> **Exercise brief**
A verbatim copy of the data is wanted, minus any picture in it.
═════ Data under study
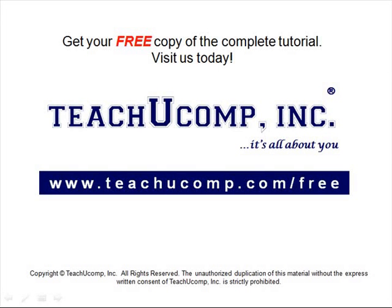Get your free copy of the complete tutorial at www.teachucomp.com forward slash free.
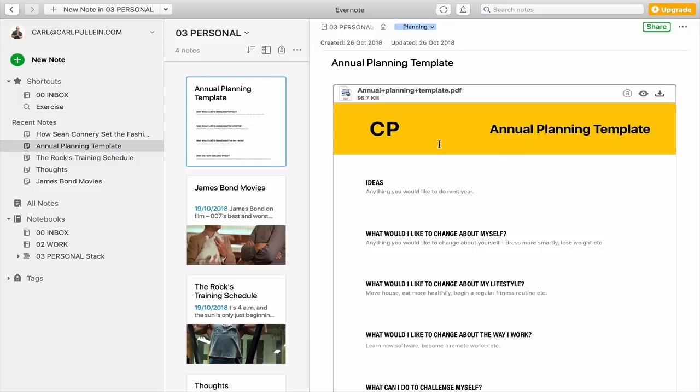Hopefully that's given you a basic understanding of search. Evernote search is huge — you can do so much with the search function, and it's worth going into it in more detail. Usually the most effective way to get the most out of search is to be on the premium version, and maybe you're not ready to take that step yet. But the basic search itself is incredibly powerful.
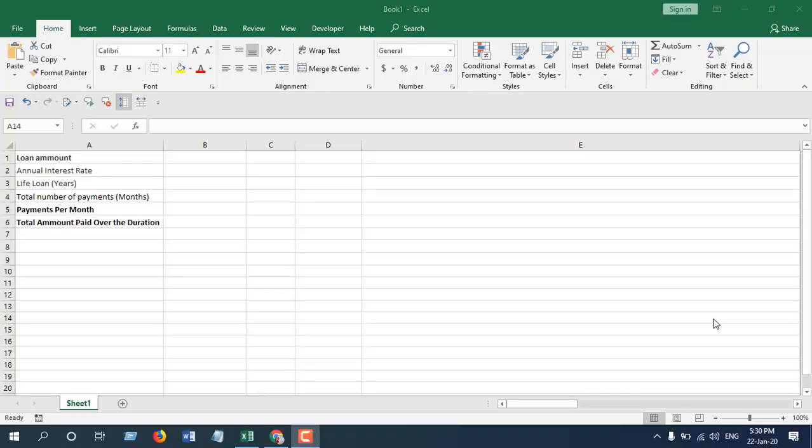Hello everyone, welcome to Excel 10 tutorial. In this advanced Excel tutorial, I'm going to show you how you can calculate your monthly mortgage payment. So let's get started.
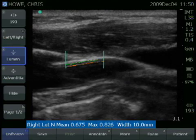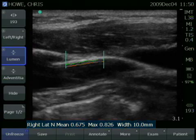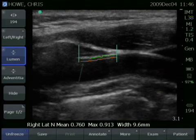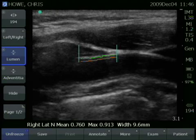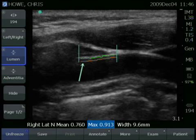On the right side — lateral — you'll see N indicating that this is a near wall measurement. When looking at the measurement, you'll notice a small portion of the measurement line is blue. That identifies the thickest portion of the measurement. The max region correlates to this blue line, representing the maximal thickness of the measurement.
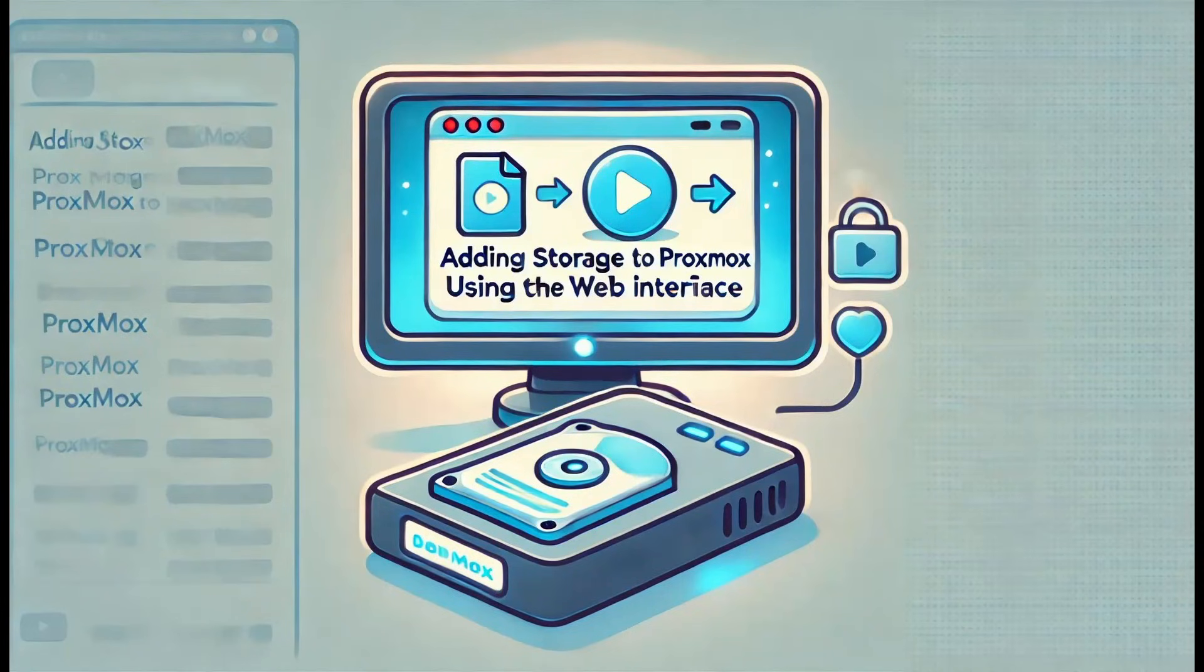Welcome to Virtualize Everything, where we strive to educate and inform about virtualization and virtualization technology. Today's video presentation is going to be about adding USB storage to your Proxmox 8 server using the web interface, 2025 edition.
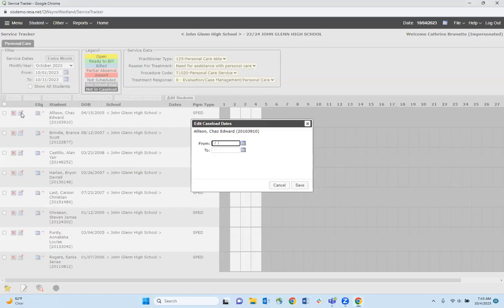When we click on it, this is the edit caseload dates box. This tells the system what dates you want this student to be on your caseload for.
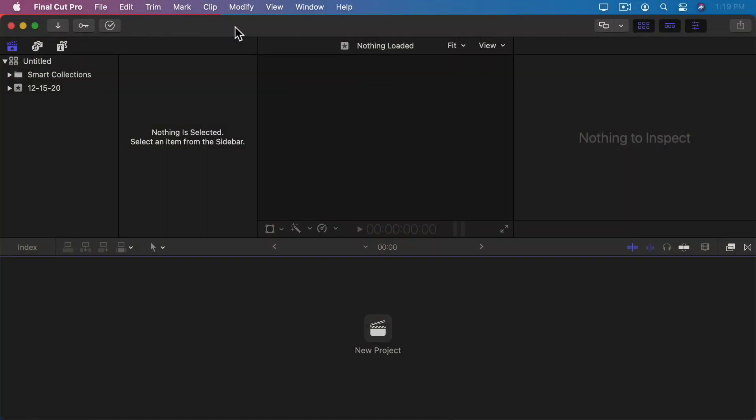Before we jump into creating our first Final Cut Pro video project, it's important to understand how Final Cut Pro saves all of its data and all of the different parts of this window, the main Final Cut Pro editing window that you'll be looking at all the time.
══════════
> **Solution for this problem**
Get your free copy of the complete tutorial at www.teachucomp.com forward slash free.
Hopefully that's given you a basic understanding of search. Evernote search is huge — you can do so much with the search function, and it's worth going into it in more detail. Usually the most effective way to get the most out of search is to be on the premium version, and maybe you're not ready to take that step yet. But the basic search itself is incredibly powerful.
Hello everyone, welcome to Excel 10 tutorial. In this advanced Excel tutorial, I'm going to show you how you can calculate your monthly mortgage payment. So let's get started.
On the right side — lateral — you'll see N indicating that this is a near wall measurement. When looking at the measurement, you'll notice a small portion of the measurement line is blue. That identifies the thickest portion of the measurement. The max region correlates to this blue line, representing the maximal thickness of the measurement.
Welcome to Virtualize Everything, where we strive to educate and inform about virtualization and virtualization technology. Today's video presentation is going to be about adding USB storage to your Proxmox 8 server using the web interface, 2025 edition.
When we click on it, this is the edit caseload dates box. This tells the system what dates you want this student to be on your caseload for.
Before we jump into creating our first Final Cut Pro video project, it's important to understand how Final Cut Pro saves all of its data and all of the different parts of this window, the main Final Cut Pro editing window that you'll be looking at all the time.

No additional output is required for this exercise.